One of the great flaws, he finds in many operations is how they address failure as something to be avoided at all costs, a believe that often stifles creativity and risk taking. Catmull asserts that failure is “a necessary consequence of doing something new.” The very act of forging ahead on a new project, whether creating a film or writing a book, means that there will be inevitable failures along the way. Rather than seeing these failures as doom, seeing them as inevitable enables people to work through the frustration of not getting it right the first time (or second or tenth). It’s something that I’ve learned (and am still learning) to accept as I’ve attempted and failed again and again at finishing my stupid novel — each failed attempt getting me closer and closer to understanding the heart of the story, getting closer to learning how to get it right.

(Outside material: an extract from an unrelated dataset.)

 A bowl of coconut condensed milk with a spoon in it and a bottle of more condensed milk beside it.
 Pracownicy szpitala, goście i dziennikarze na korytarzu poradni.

I also rather likes what Catmull had to say about change (similar to failure, in that people tend to be terrified of it):
“Here’s what we all know, deep down, even though we might wish it weren’t true: Change is going to happen, whether we like it or not. Some people see random, unforeseen events as something to fear. I am not one of those people. To my mind, randomness is not just inevitable; it is part of the beauty of life. Acknowledging it and appreciating it helps us respond constructively when we are surprised. Fear makes people reach for certainty and stability, neither of which guarantee the safety they imply. I take a different approach. Rather than fear randomness, I believe we can make choices to see it for what it is and to let it work for us. The unpredictable is the ground on which creativity occurs.”
I could probably quote passages and passages of this book, and examine each one closely, but I would quickly run out of space here. Having listened to Creativity, Inc. on audio book (narrated by Peter Altschuler), I’m eager to buying a print copy so that I can peruse the text more closely to better absorb the information and examine it for concepts that might help my own creative life.
Other top reads of the month included two graphic novels by artists who each have unique, recognizable styles. Nimona by Noelle Stevenson presents the story of what appears to be a young girl joining up to be the sidekick of a super villain. I loved the mixture of futuristic and medieval in the design of the world, loved the spunky and slightly murderous main character, loved the “super villain” she signs up with. The story is adventurous and fun, with some great surprises along the way. Also, I love the art, which presents many characters with tall impossibly slender, and sharp features in contrast to the softer-edged, rounder Nimona herself. Now I need just need to pick up and read the author’s other comic Lumberjanes.
I also really enjoyed Relish: My Life in the Kitchen by Lucy Knisley, a loving graphic memoir. For many people, food is tied to specific memories and the other explores this by sharing her own memories of growing up with parents who were (and remain) passionate about good food and how specific meals connect her with specific moments of her life. I’m not a foodie, but I understand the joy of an excellent meal (or a terrible one) especially if that meal is made with love. Like any good food memoir, Relish is interspersed with recipes (her suggestions on how to cook mushrooms, I’ve actually applied in the kitchen). Funny and poignant, this was a thoroughly enjoyable read.
1. Gateway by Frederik Pohl
2. Nimona by Noelle Stevenson
3. The Plant by Stephen King
4. Creativity, Inc.: Overcoming the Unseen Forces That Stand in the Way of True Inspiration by Ed Catmull and Amy Wallace (audio book)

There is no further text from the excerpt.